* [Action item]
The records are to be repeated in full, with the images removed.

Captioned web image data:
☆ ☆ ☆

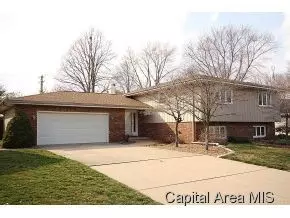 2713 Interlacken Rd, Springfield, IL 62704 photo 2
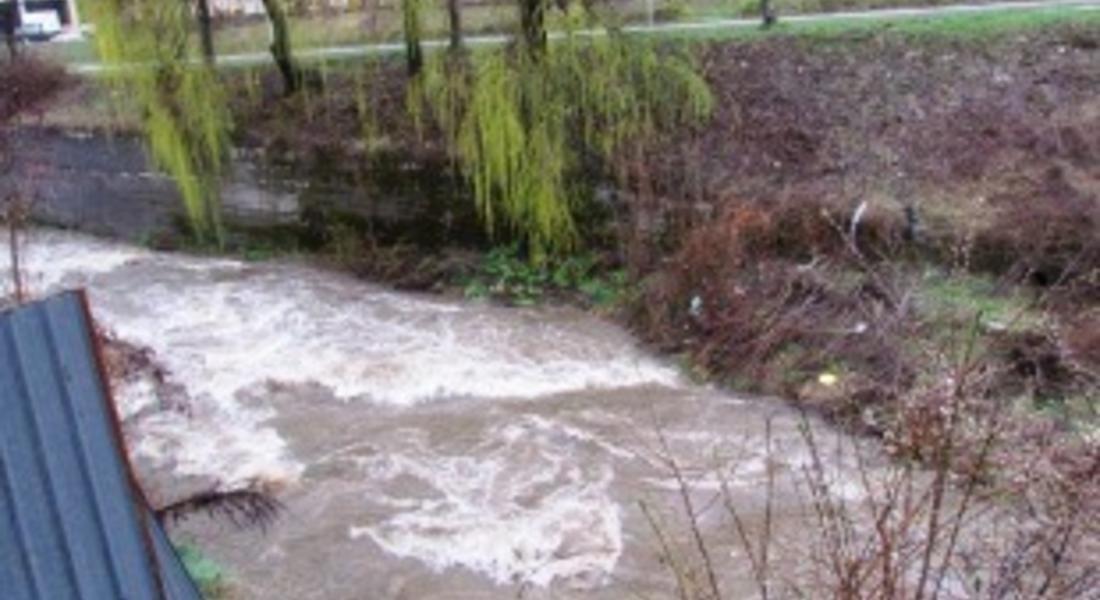  Областният управител разпореди засилено наблюдение на нивото на реките и язовирите в област Смолян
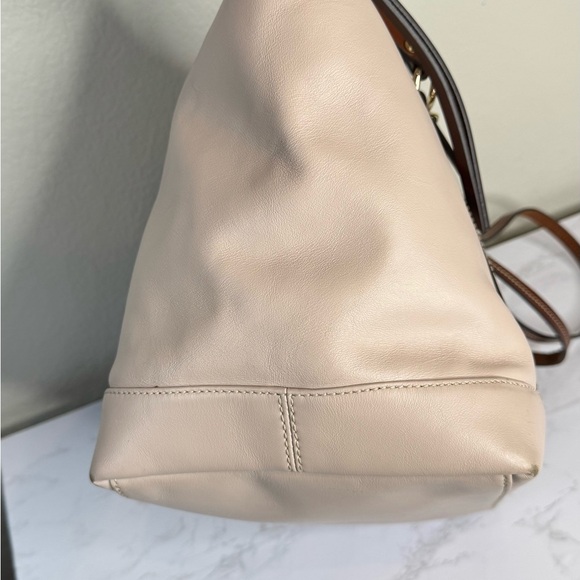 Dooney & Bourke Wexford Leather Tilly Large Tote Shoulder Bag Cream Brown - Picture 8 of 15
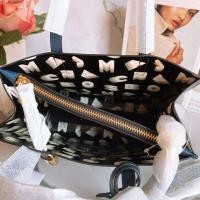 ราคา Marc Jacobs Mini Grind Coated Leather Tote Shiraz (3015940635)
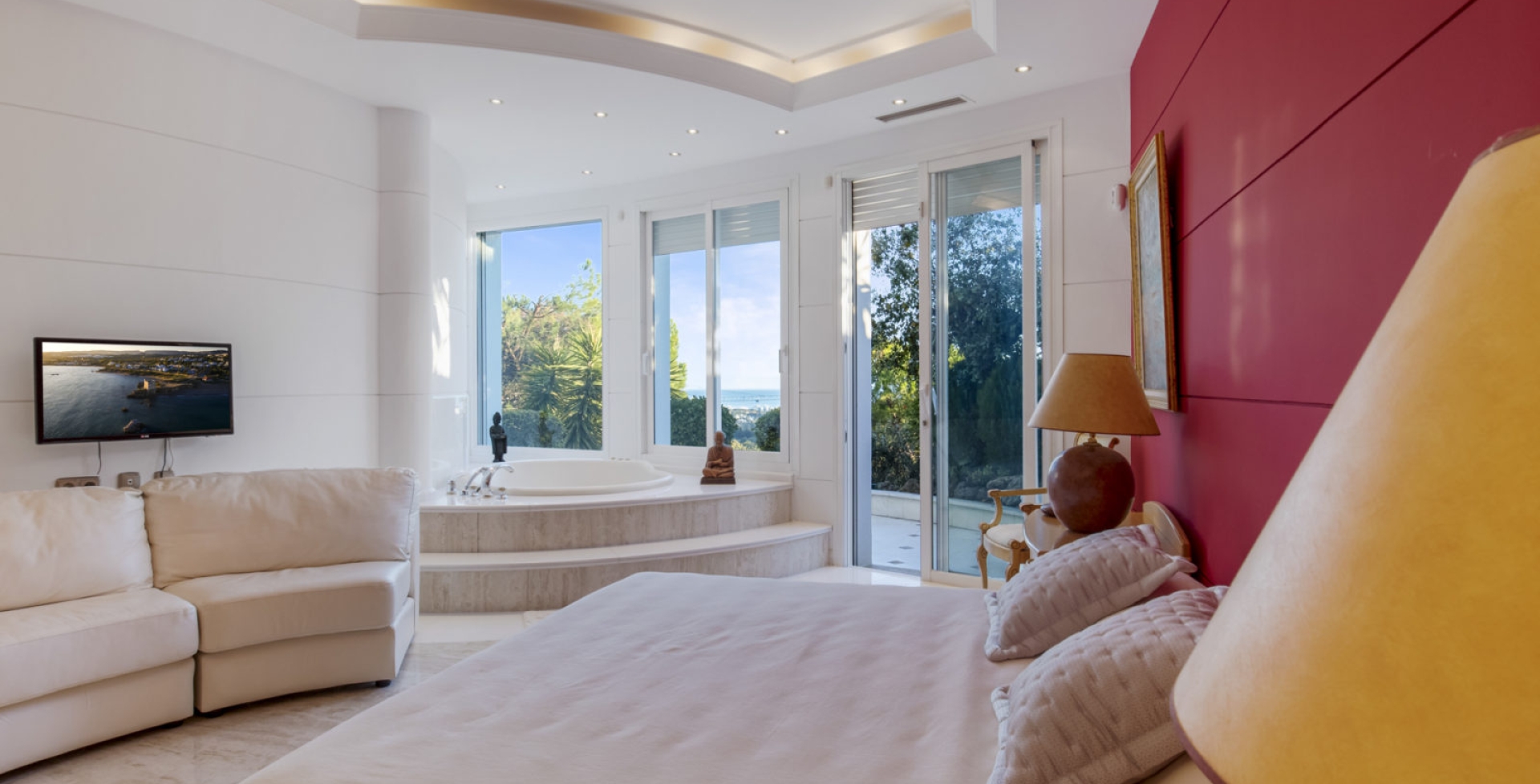 Villa Star Marbella 7 bedrooms bedroom with bath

☆ ☆ ☆

* [Your response]
 2713 Interlacken Rd, Springfield, IL 62704 photo 2
  Областният управител разпореди засилено наблюдение на нивото на реките и язовирите в област Смолян
 Dooney & Bourke Wexford Leather Tilly Large Tote Shoulder Bag Cream Brown - Picture 8 of 15
 ราคา Marc Jacobs Mini Grind Coated Leather Tote Shiraz (3015940635)
 Villa Star Marbella 7 bedrooms bedroom with bath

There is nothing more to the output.